Brexit, i sondaggi. Come vanno le quotazioni di "leave" e "remain"? A sei giorni dal voto, l’uscita del Regno Unito dall’Unione europea secondo i dati dell’Economist è in vantaggio di 2 punti, 44 a 42.
Commercio estero. Per sapere, per capire. Oggi l’Istat pubblica i dati sul commercio estero e i prezzi all’import di Aprile 2016.
Consiglio Italia-Usa. Comincia oggi a Venezia, all’Hotel Excelsior. La conferenza internazionale è un appuntamento importante che quest’anno cade tra il referendum inglese e le elezioni americane. Qui l’agenda.

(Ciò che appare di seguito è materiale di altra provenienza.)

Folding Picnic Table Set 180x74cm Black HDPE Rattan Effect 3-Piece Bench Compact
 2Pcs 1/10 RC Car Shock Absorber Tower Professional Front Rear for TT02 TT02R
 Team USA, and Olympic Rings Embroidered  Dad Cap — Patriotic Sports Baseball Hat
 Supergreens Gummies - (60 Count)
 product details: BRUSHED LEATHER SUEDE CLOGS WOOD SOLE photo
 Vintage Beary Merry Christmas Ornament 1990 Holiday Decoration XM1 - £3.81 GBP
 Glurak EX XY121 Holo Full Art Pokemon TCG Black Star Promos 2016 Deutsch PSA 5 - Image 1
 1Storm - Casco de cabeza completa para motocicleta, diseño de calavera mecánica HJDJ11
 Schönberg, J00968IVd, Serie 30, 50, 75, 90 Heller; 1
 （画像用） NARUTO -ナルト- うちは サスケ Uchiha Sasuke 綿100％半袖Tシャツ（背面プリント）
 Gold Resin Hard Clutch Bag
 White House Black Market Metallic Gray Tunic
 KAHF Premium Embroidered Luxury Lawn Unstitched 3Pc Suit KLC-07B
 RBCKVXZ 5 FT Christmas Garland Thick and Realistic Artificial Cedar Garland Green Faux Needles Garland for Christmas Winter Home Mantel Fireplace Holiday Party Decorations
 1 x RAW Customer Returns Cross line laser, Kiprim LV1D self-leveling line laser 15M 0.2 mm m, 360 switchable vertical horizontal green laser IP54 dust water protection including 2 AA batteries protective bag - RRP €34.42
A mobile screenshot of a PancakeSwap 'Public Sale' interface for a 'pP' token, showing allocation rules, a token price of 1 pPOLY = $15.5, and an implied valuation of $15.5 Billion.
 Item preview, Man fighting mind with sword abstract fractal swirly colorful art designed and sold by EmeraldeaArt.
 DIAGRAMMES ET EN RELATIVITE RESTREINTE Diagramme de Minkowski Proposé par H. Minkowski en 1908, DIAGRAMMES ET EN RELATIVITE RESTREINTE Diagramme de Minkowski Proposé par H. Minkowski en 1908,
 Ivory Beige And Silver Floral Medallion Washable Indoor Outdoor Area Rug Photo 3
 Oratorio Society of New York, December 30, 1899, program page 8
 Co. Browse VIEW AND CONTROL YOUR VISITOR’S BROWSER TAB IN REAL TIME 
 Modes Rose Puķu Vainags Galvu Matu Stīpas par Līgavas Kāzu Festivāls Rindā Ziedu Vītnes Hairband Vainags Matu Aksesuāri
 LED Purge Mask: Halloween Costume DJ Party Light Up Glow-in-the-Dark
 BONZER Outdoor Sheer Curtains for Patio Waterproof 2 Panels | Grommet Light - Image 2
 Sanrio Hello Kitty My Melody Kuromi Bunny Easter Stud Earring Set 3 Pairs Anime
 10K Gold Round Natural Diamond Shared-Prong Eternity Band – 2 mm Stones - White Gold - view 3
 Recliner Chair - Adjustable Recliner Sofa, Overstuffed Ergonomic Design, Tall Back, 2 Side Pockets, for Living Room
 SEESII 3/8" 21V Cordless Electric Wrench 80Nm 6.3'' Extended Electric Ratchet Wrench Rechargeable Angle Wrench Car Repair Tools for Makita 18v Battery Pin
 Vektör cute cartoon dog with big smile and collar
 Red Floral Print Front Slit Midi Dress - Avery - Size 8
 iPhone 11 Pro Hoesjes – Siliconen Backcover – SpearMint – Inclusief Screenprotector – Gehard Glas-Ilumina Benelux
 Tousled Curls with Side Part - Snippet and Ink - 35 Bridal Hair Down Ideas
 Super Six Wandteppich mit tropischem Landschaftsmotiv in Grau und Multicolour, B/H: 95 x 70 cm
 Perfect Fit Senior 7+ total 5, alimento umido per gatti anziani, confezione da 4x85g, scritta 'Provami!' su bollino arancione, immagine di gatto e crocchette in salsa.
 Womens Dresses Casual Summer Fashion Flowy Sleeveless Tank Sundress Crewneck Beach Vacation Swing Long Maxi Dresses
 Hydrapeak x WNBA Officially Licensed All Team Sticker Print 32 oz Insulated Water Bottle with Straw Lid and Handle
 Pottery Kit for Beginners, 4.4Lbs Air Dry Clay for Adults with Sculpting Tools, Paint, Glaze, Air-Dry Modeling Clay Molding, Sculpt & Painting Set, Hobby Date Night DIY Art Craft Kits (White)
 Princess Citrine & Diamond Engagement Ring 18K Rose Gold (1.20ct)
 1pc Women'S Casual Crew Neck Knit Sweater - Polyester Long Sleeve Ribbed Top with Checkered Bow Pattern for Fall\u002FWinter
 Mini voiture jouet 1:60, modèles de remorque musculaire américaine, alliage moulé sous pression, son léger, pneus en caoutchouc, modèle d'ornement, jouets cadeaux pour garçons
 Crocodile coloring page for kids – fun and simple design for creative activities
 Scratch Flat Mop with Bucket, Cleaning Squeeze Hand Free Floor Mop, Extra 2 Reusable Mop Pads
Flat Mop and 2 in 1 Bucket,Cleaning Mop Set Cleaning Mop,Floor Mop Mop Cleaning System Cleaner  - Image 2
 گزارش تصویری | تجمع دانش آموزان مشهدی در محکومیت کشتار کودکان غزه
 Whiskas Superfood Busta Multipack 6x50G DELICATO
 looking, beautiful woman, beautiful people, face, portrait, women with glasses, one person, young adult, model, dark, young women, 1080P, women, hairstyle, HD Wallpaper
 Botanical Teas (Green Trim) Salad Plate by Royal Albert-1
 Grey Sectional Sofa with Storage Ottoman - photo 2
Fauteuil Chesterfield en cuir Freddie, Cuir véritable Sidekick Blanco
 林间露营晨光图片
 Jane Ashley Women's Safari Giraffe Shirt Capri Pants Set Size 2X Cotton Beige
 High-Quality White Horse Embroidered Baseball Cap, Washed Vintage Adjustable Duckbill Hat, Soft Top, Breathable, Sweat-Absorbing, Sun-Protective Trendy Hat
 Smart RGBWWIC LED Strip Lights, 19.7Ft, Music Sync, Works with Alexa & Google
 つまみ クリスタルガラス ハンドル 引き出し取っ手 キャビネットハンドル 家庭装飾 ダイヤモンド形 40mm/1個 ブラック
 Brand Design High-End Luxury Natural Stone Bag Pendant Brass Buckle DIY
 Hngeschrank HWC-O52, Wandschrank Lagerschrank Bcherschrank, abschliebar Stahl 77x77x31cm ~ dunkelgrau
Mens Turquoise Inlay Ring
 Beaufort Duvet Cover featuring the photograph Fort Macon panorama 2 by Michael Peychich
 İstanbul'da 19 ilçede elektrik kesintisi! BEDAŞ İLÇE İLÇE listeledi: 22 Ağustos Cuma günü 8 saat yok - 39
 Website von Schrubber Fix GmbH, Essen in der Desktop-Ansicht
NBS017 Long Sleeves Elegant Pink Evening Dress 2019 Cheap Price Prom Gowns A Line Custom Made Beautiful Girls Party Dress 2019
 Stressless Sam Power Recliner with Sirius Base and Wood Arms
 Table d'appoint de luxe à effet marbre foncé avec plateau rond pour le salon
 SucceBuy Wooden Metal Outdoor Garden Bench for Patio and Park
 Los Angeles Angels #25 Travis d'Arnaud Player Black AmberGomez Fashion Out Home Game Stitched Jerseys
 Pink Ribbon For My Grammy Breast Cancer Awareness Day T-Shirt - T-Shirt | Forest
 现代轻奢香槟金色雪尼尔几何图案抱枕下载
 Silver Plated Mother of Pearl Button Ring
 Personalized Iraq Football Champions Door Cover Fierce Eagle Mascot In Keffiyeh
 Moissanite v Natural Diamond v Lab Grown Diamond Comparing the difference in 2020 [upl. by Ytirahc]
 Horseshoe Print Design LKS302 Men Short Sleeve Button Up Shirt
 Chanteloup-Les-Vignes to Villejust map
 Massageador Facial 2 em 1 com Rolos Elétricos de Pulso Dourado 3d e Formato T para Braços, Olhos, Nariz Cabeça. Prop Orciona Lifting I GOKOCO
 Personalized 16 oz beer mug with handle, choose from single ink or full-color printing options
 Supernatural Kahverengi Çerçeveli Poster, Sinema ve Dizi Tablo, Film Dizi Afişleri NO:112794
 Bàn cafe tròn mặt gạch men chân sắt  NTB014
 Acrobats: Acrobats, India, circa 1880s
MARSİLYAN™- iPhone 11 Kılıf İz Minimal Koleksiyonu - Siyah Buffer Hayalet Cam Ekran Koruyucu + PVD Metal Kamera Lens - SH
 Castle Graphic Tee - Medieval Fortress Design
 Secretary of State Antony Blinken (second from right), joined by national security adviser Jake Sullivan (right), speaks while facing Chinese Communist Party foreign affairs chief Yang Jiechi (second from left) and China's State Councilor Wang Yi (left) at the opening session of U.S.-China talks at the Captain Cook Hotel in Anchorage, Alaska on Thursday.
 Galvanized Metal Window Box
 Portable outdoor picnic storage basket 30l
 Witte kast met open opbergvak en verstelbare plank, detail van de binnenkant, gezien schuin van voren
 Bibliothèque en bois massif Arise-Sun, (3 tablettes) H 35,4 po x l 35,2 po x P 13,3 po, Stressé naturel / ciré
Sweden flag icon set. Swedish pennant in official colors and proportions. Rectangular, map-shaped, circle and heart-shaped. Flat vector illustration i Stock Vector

Stati Uniti-Arabia Saudita. Incontro oggi a Washington tra il presidente Barack Obama e il principe saudita Mohammed bin Salman. L’Arabia Saudita è a un bivio: dipende dal petrolio, cerca un futuro in un mondo che nei prossimi trent’anni consumerà meno petrolio. La cooperazione con gli Stati Uniti è fondamentale, ma la potenza regionale (ri)emergente si chiama Iran.
Obama e la Siria. A proposito del presidente americano: decine di funzionari del Dipartimento di Stato hanno firmato un documento riservato che critica la strategia della Casa Bianca sulla Siria e chiede un intervento militare aereo contro Assad. Troppo tardi, il game changer si chiama Vladimir Putin.
Croazia, governo ko. Il primo ministro Tihomir Oreskovic è andato sotto nel voto di fiducia. Elezioni. Follow the money.
17 giugno. Nel 1579 Francis Drake reclama la California in nome dell'Inghilterra.